Jean Ruzicka, Forum Communications Co., Published August 30 2010
Nevis school bookkeeper says she was placed on leave after son questioned superintendent's use of district vehicleNEVIS, Minn. – A school district bookkeeper here says she was placed on “leave” last week after her son questioned the local superintendent’s use of a district vehicle in southern Minnesota Aug. 21.
Betsy Anderson said she was asked to meet with Superintendent Steve Rassier and School Board Chairman Ed Becker Aug. 25 after the two learned that Jon Hoffman, Anderson’s son, had been publicly questioning the use of the school district vehicle.
But due to the nature of prior meetings, Anderson said she told them she would not meet without an attorney present.
Rassier and Becker offered to include another office staff member in the discussion, Anderson said. But she declined, reiterating her earlier statement, “Not without an attorney.”
At that point, she said she was told by Rassier to “turn in her keys and leave the building immediately due to insubordination.”
Anderson asked for this in writing, which she received.
“I was of the impression I was fired,” Anderson said Monday, “not administrative leave.”
The School Board has scheduled a special board meeting for 6 p.m. Tuesday in the school’s media center to discuss “action on confidential bookkeeper’s contract.”
Anderson said she will ask the meeting remain open to the public.

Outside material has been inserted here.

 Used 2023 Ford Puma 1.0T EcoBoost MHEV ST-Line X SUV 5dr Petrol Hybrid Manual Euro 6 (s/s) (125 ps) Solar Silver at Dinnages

“He did nothing wrong; I did nothing wrong,” she said of her son questioning “personal use of a Nevis School vehicle.”
Last week, Hoffman questioned the use of the vehicle in letters to newspapers, alleging that personal use of a district vehicle is an “abuse of power” by the administration. He also cited the Nevis District 308 transportation handbook which says “School district vehicles will not be used for personal convenience.”
Hoffman said he saw the district’s Suburban hooked to a trailer hauling a ‘67 Camero at Rassier’s former residence in Ghent.

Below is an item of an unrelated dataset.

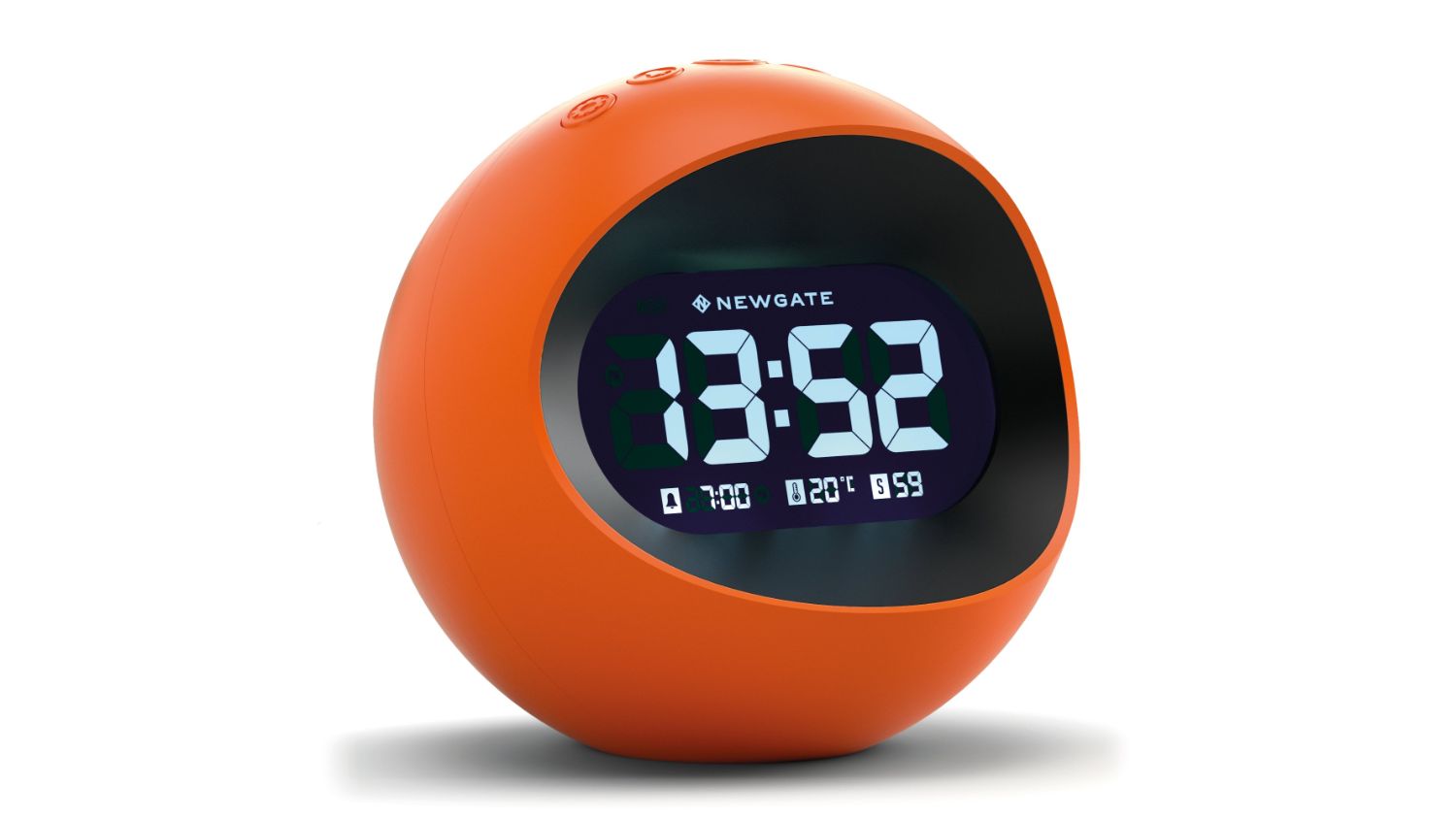 Newgate "Center of The Earth" LCD Alarm Clock - Pumpkin Orange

Hoffman, 29, who resides in the Ghent area, took photos of the vehicle.
Anderson said Hoffman told her about this. He contacted an unnamed school board member via e-mail who told him, “His (Rassier’s) usage of the vehicle was not against school policy, but maybe not a real good idea.”

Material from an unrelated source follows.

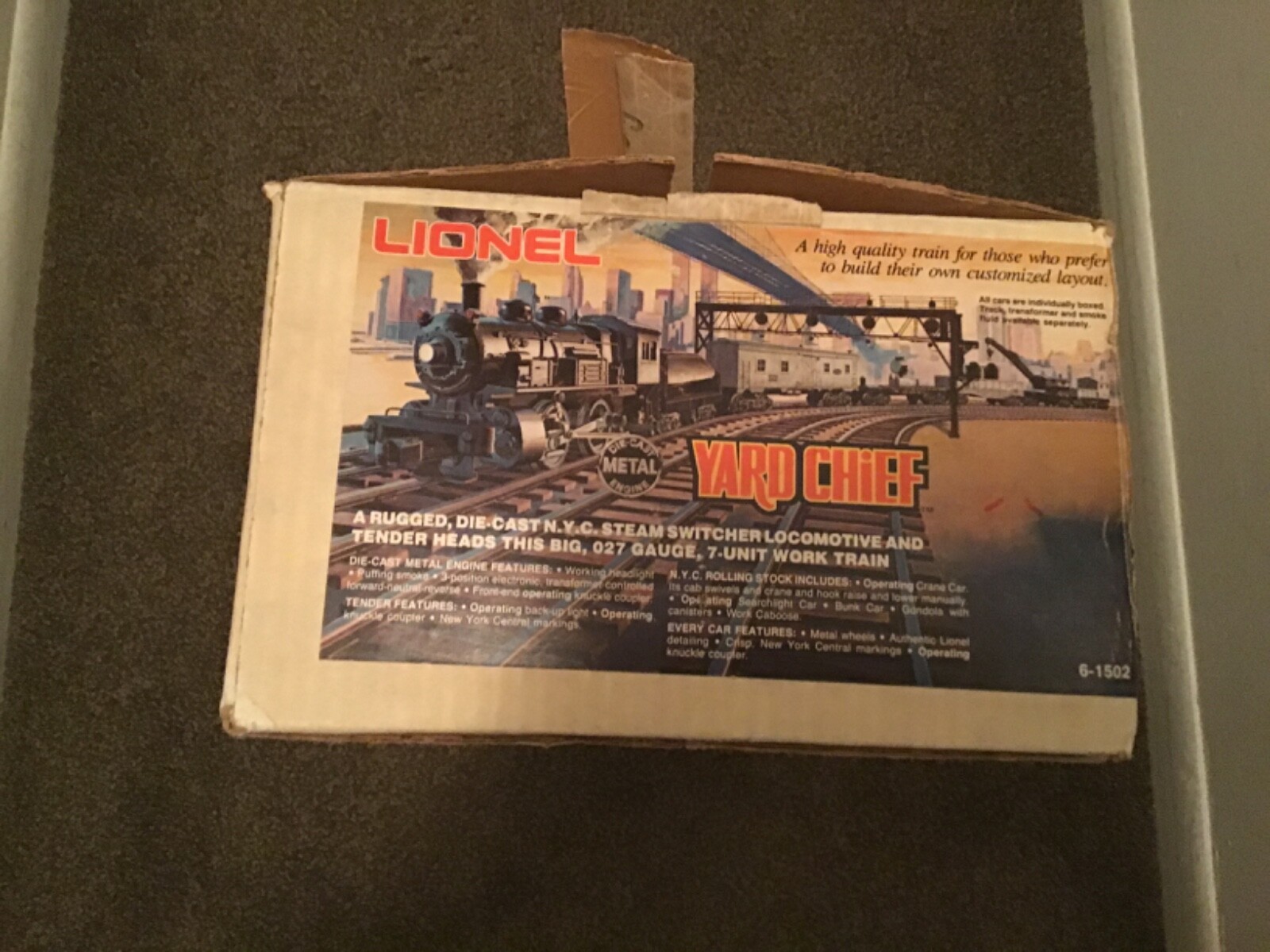 Lionel Train EMPTY CARDBOARD SET BOX (Yard Chief)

“The board member assured me,” Hoffman states, “that ‘he (Rassier) had filled out the proper paperwork on the Suburban in question. This Suburban has been taken out of school service two years ago. It now can only be used for staff purposes. He, of course, paid for all expenses. He received approval from the chairman of the board, Ed Becker.’”
Monday, Rassier said the board will make the final decision on Anderson’s contract, which, he said, “can be modified or terminated.”
Rassier states the district has provisions for use of school vehicles, classrooms, computers and other equipment. The district’s insurance, he said, covers use of equipment by employees.
He said he paid for the vehicle’s gas and completed a form requesting the use of the vehicle prior to departing.
Rassier said he and board members have reviewed the policy subsequent to the accusation and determined his use of the vehicle “had not violated any policy.”
But Rassier acknowledged this is an issue that may need to be addressed.
“It is time for more accountability,” Hoffman wrote. “I am going to use this opportunity for a call to action of the Nevis community and stand up for what’s right.
Jean Ruzicka is a reporter at The Park Rapids (Minn.) Enterprise, which is owned by Forum Communications Co.